Despite their rep for being hard to please, in the end the Mouse House was stoked with Typhoon Lagoon


You mentioned a “demanding client” would you care to elaborate?
 
Come on, it’s Disney. We were a small engineering firm in Glasgow, Scotland. This was Disney!!!  From what I am told, there was a Disney employee seconded to Glasgow to work with the team so they were overseeing the works. Could all be folklore though!
 
Did you ever think the wave pool space would become what it is today?
 
It’s amazing, when we were promoting Typhoon Lagoon, Sun City, Sunway Lagoon and Caribbean Bay, in the late ‘90s at conventions like IAAPA, all the surfers loved Typhoon Lagoon and what was created. But these were leisure parks with bathers footing the bill. The fact that the surf market has boomed with these inland surf parks which are varied in technologies and offerings, is just fantastic. I am incredibly proud of the engineering capability which our company has, past and present projects have allowed us to create fantastic developments and experiences. Typhoon Lagoon still stands today, over 30 years on still pleasing the crowd, the original and best.
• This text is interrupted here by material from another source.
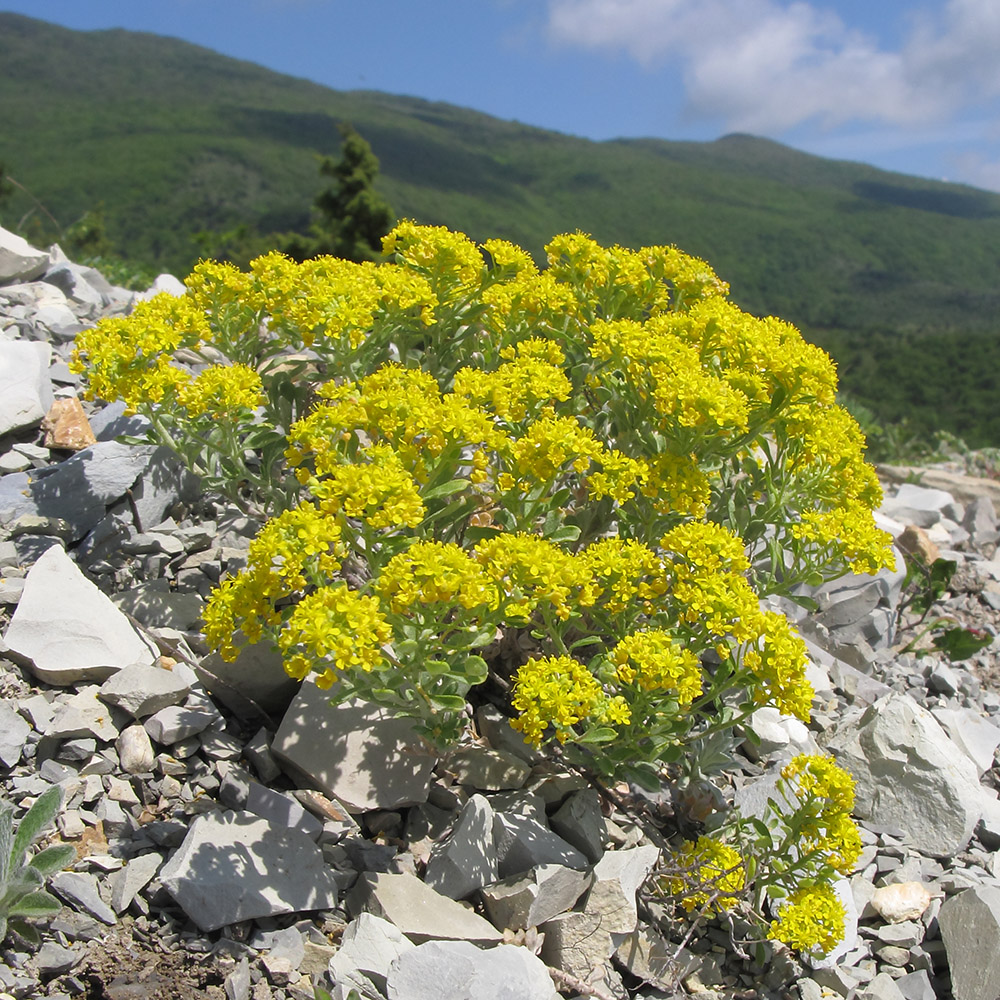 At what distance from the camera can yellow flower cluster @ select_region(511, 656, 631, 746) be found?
9.75 feet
Editor’s Note: Whitewater worked extensively with Barr + Wray to make Typhoon Lagoon happen. As Andrew Wray told us in an email: “B&W were very much an engineering company and did not have the ability to contract in the United States. Whitewater had the resources to do the electrical design and supply as well as the hydraulic systems. We were also happy to contract the work and had the resources to look after the installation and commissioning. The project was very much a joint effort and would not have happened without both parties at the table.”